=== Entries provided ===
---+---

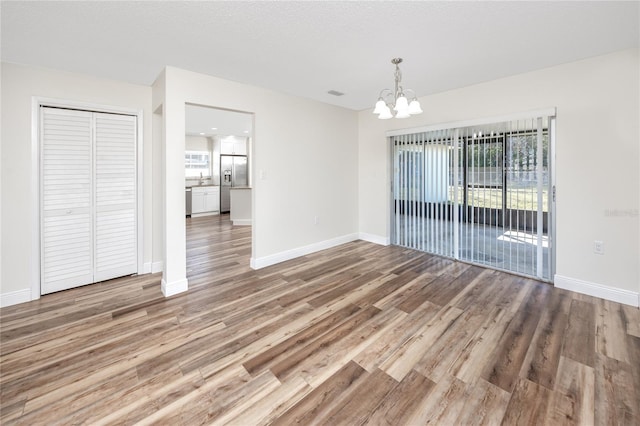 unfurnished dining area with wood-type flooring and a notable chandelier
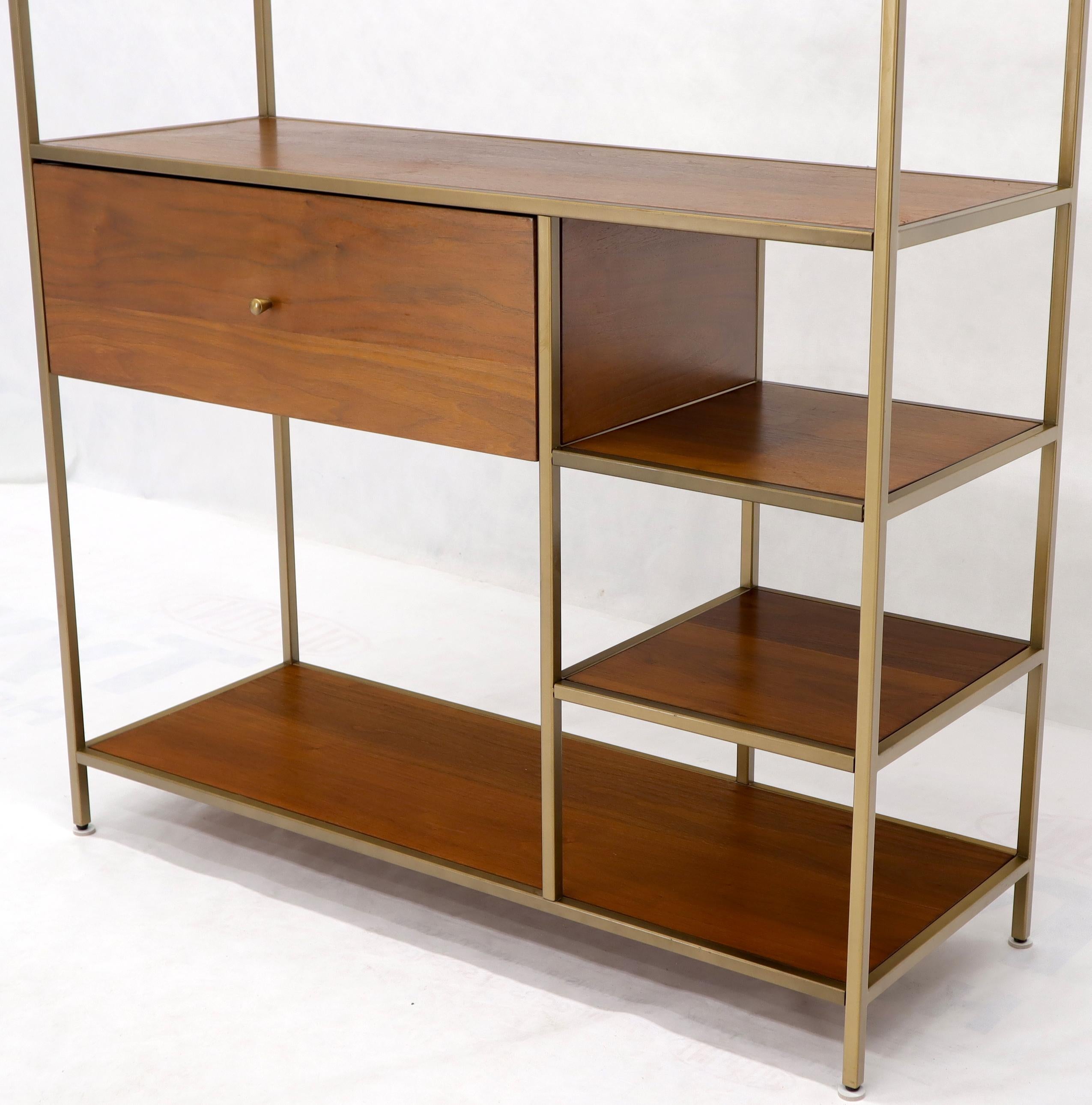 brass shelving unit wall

---+---

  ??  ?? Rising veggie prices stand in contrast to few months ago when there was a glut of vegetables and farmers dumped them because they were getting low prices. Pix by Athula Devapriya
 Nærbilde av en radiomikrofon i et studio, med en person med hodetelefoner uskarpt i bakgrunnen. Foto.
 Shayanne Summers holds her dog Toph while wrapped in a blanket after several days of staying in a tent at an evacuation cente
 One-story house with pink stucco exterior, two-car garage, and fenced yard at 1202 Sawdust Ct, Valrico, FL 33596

---+---

=== The problem ===
The reply should hold exactly the lines above, starting at the line with "unfurnished dining area" and ending at the line with "brass shelving unit wall", and no pictures.

=== Final answer ===
 unfurnished dining area with wood-type flooring and a notable chandelier
 brass shelving unit wall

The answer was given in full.